| The data |
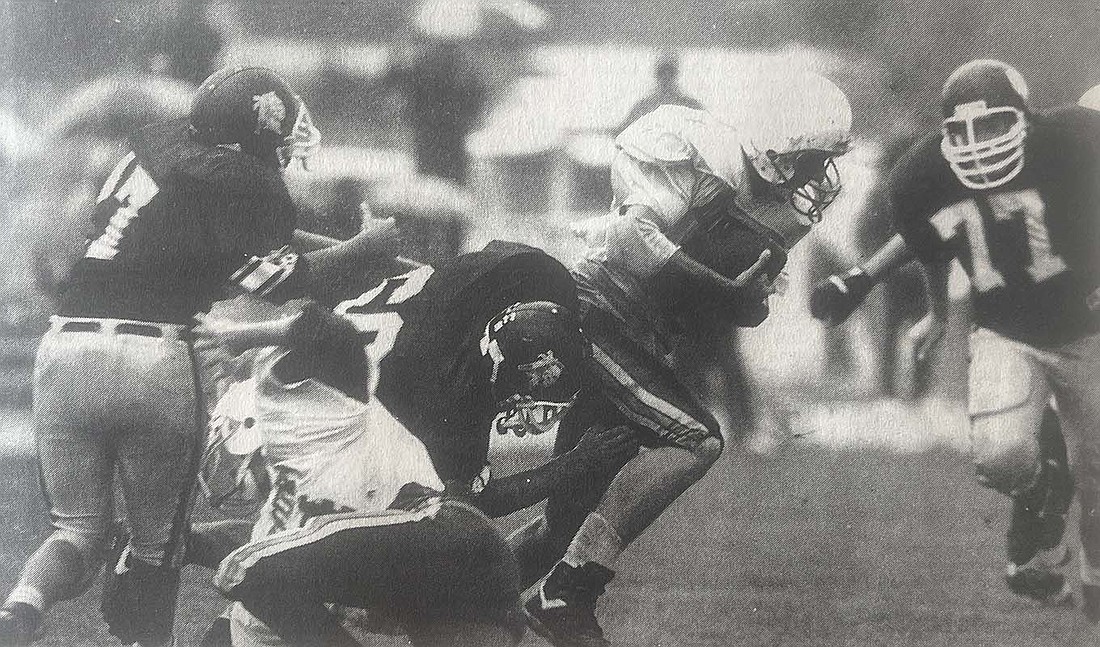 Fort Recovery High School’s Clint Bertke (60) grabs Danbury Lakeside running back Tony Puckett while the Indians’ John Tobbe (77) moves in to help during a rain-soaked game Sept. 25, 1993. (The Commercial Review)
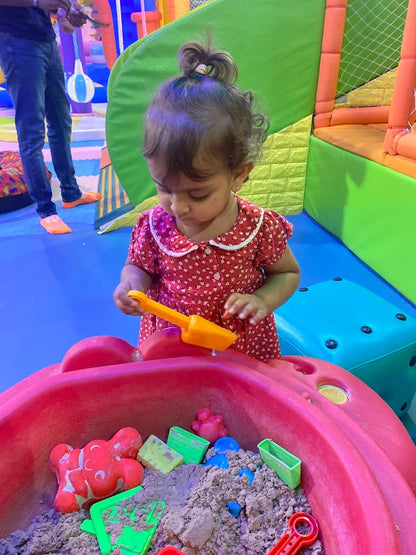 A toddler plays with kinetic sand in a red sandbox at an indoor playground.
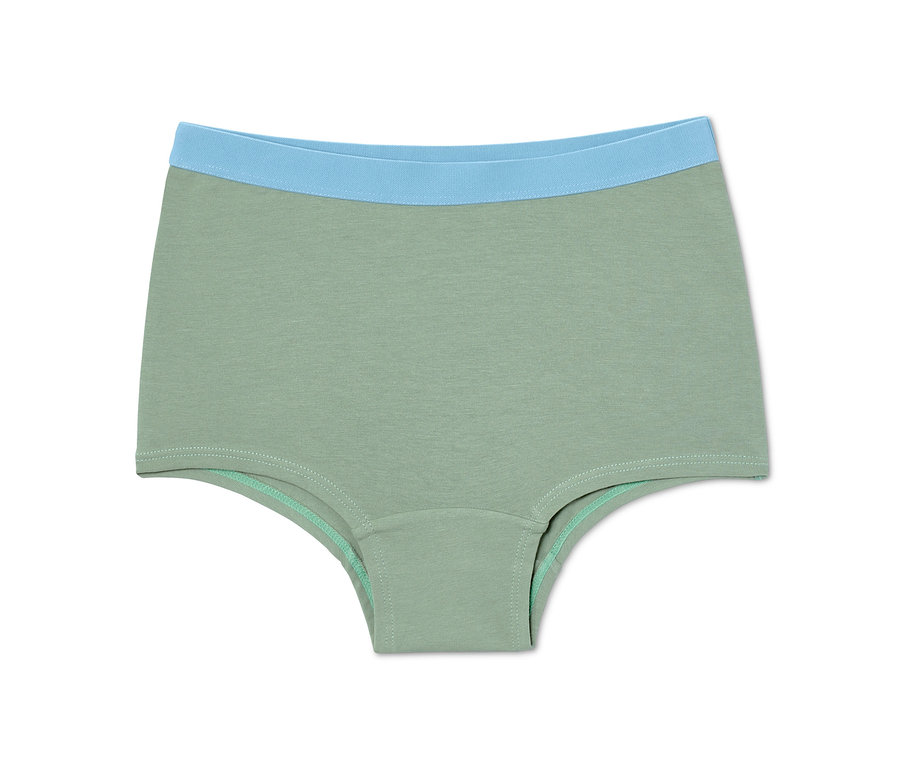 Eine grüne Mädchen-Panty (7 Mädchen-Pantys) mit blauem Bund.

| Work to be completed |
Copy verbatim the span that begins at the line containing "A toddler plays" and ends at the last line of the material, inclusive of both; exclude pictures.

| Expected answer |
 A toddler plays with kinetic sand in a red sandbox at an indoor playground.
 Eine grüne Mädchen-Panty (7 Mädchen-Pantys) mit blauem Bund.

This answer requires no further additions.